A few months ago, the company would probably have sent a different kind of signal to the discerning public. Three members of 24/7’s senior management team quit the company on short notice, and there were doubts about the venture’s future. But founder P.V Kannan, previously founder of Business Evolution Incorporated (BEI), took over the reins as CEO and brought the company through a bad phase.

It has been a tough time for Indian startups offering remote services. The specter of the Gujarat riots still fresh in the minds of his clients, Kannan now finds it a little tougher to convince them about the benefits of shifting call center functions to India. “At least 50 companies that were considering outsourcing their business processes to India are having second thoughts now,” he says. “Clients were worried that our operations were concentrated in Bangalore. Riots or some other calamity could derail critical business processes. So we decided to start another contact center in Hyderabad.” That is the least of his plans for the future growth of the company.

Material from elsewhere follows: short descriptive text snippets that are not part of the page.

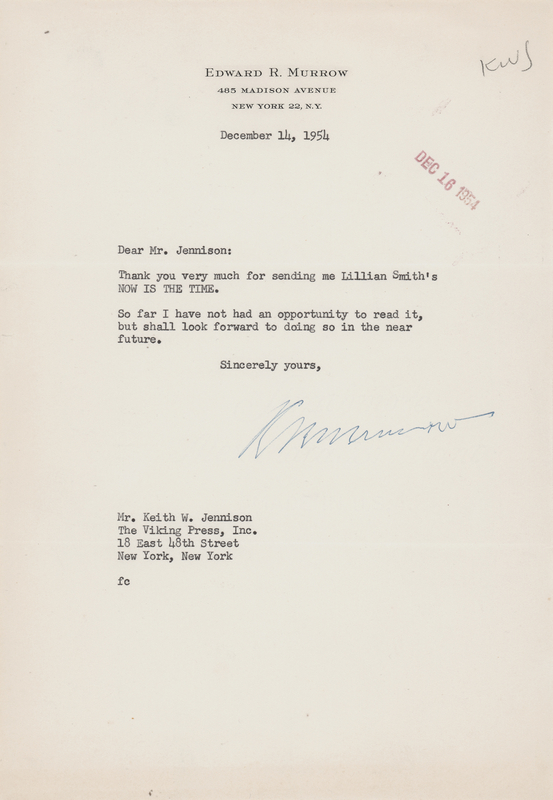 Lot 544 Edward R. Murrow Typed Letter Signed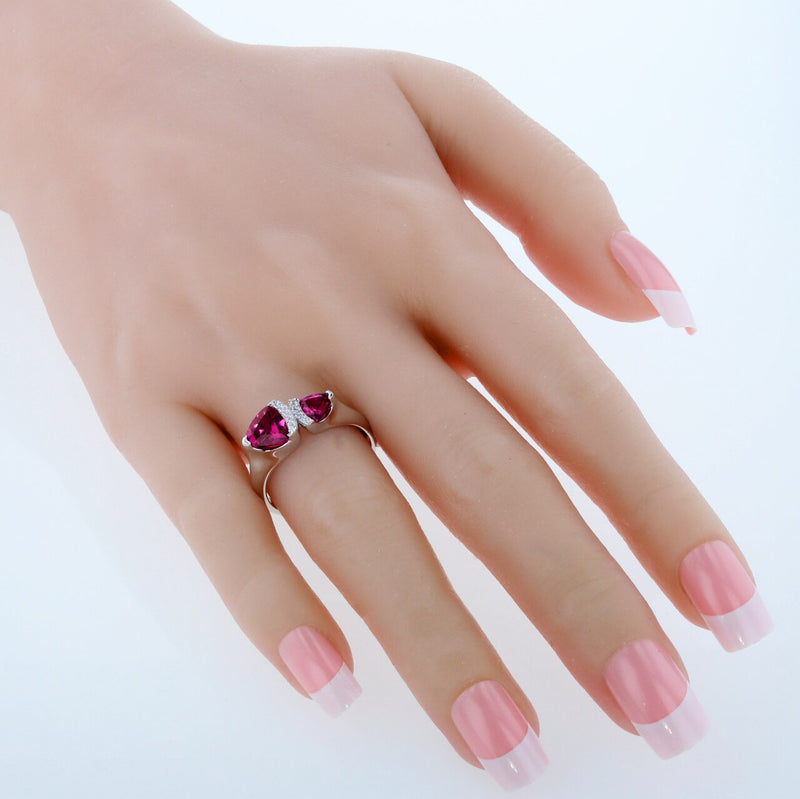 Trillion Shape Ruby 2-Stone Ring Sterling Silver 1.50 Carats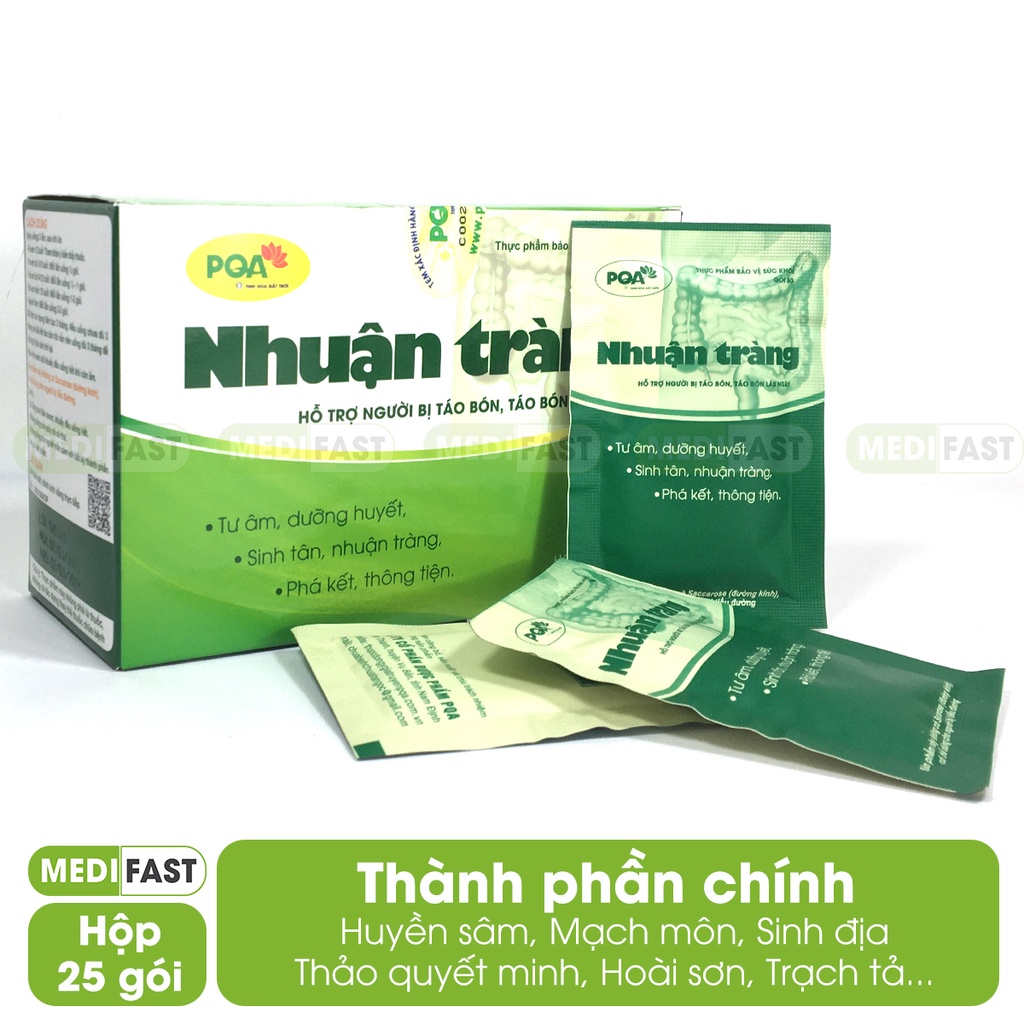 PQA Nhuận Tràng - Giảm tình trạng táo bón, ăn không tiêu, chướng bụng - Dùng được cho người tiểu đường - Hộp 25 gói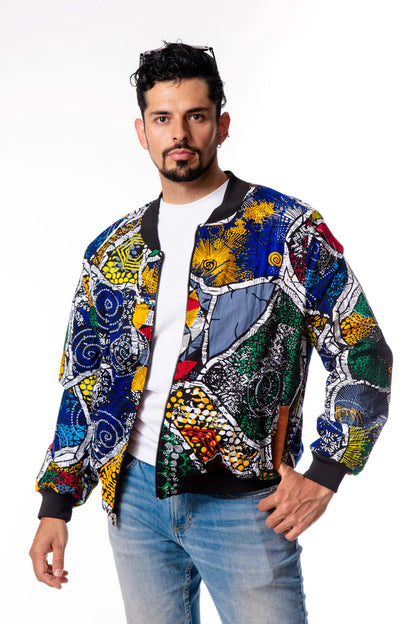 Unisex African Print Reversible Bomber Jacket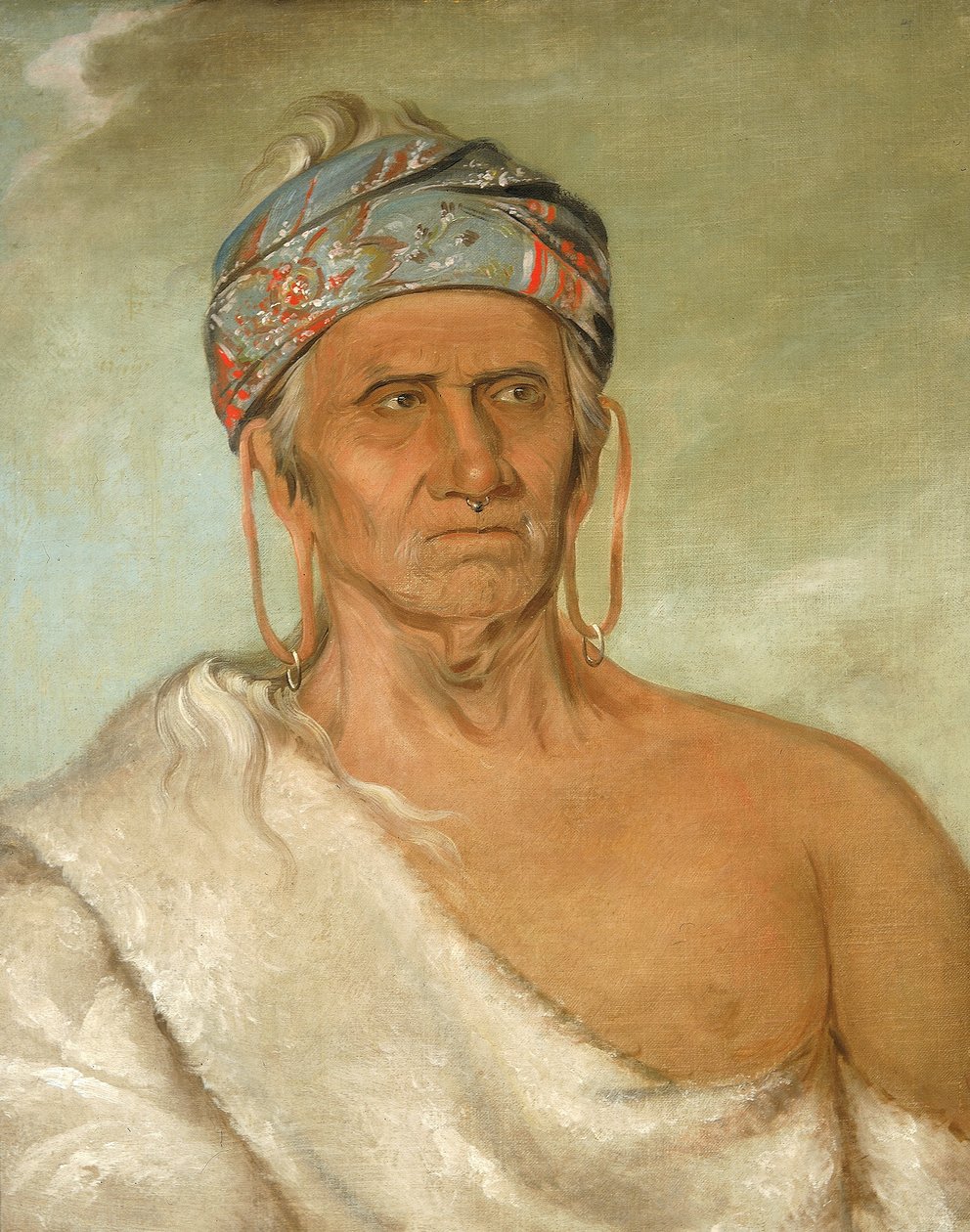 Lay-láw-she-kaw, Goes Up the River, an Aged Chief by George Catlin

“I am looking at the IPO market with interest. It’s early days yet, but that is a viable exit strategy as far as 24/7 is concerned,” he says.

Second Coming

24/7 is not Kannan’s first foray into uncharted waters. He was running BEI as a services company in 1998. “Running a services business was the easier thing to do,” says Kannan. “But I didn’t want to get complacent. So we shut it down and started on e-mail chat software. The risks were bigger but at least we were the ones taking them.”

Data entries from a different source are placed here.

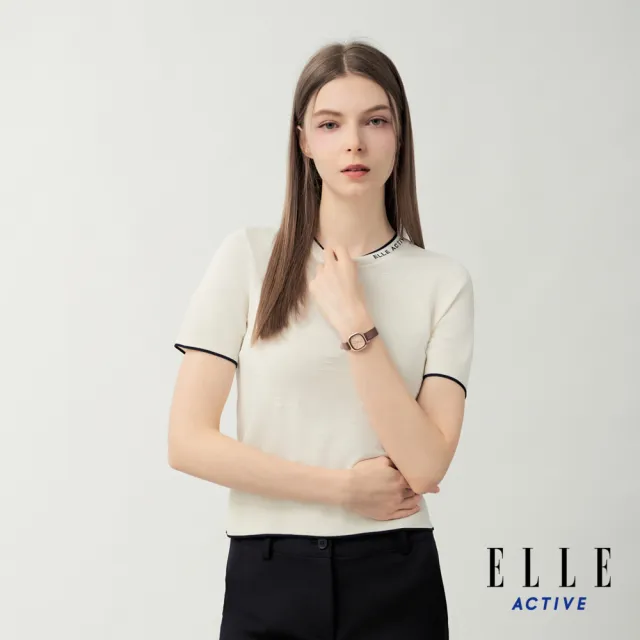 【ELLE ACTIVE】女款 滾邊短袖針織上衣-米白色(EA26S4W5101-91)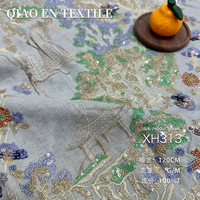 Tissu brodé paysage chinois 2 couleurs, nouveau tissu de style chinois avec sequins et broderies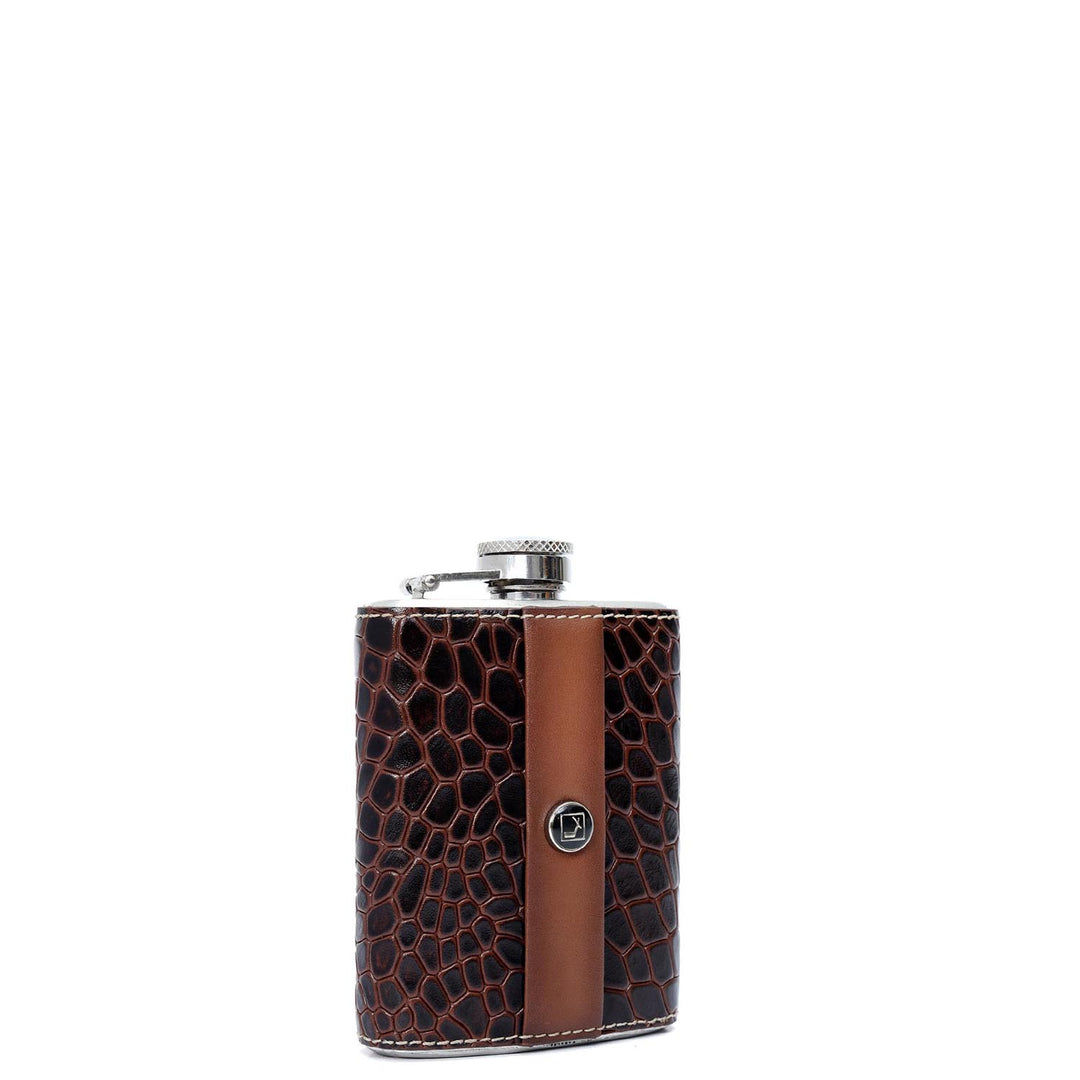 Croco Plain Leather Bottle Case - Date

Luckily for Kannan, his timing was impeccable. The $140 million in stock that Kana Communications paid for nascent BEI in December 1999 was the kind of windfall reserved for the shotgun exits and fast-track IPOs of the technology bubble. Soon Kana Communications saw its own stock fall through the floor below the one dollar mark, on the way to a desperation merger with also struggling Broadbase. Crafting an exit for 24/7 will require a lot more staying power, in a much more realistic market.

Quantum Shift

So how different is building a remote services company from building a software products firm? “Apart from the obvious differences, one also has to realize that in a BPO company, the processes cannot be viewed in isolation from the people. People are the most important asset of my company,” says Kannan.

“In the beginning,” Kannan contends, “I had to rely on my networks in companies to convince them that I could deliver. Our first client, AltaVista, agreed to work with us after I showed them our proposed facility in Bangalore. But the people were something of an unknown quantity to them, in the early days.”

Much Maligned

“Call centers are regarded as the poor cousin of the enabled services sector. Too many people think that a call center is just taking a call, sounding nice and hanging up. But to a company like Avis, I am a very important guy. I generate about $40 million in business every year for Avis. We also do a staggering job for AT&T,” Kannan says, declining to divulge figures.

Kannan’s angst probably stems from the fact that this is a sector where results are obtained real-time. “If a customer is unhappy, we get to know of it immediately. Whereas in a software company, you don’t tamper with the code every day,” he says. “In this field, a few minor errors could mean a lost account. You don’t recover from that.”

Kannan highlights the importance of consistent performance. “When you promise a client certain capabilities, you have to be prepared not only to meet those expectations consistently, but also exceed them. That is what it takes to succeed at this level,” he says.

It remains to be seen whether Kannan lives up to his promises, in the face of intense competition from other players in the domain. His goal to ramp up to an IPO will depend on how many clients decide that what 24/7 offers is more attractive than what they could do in the U.S., or develop themselves in India.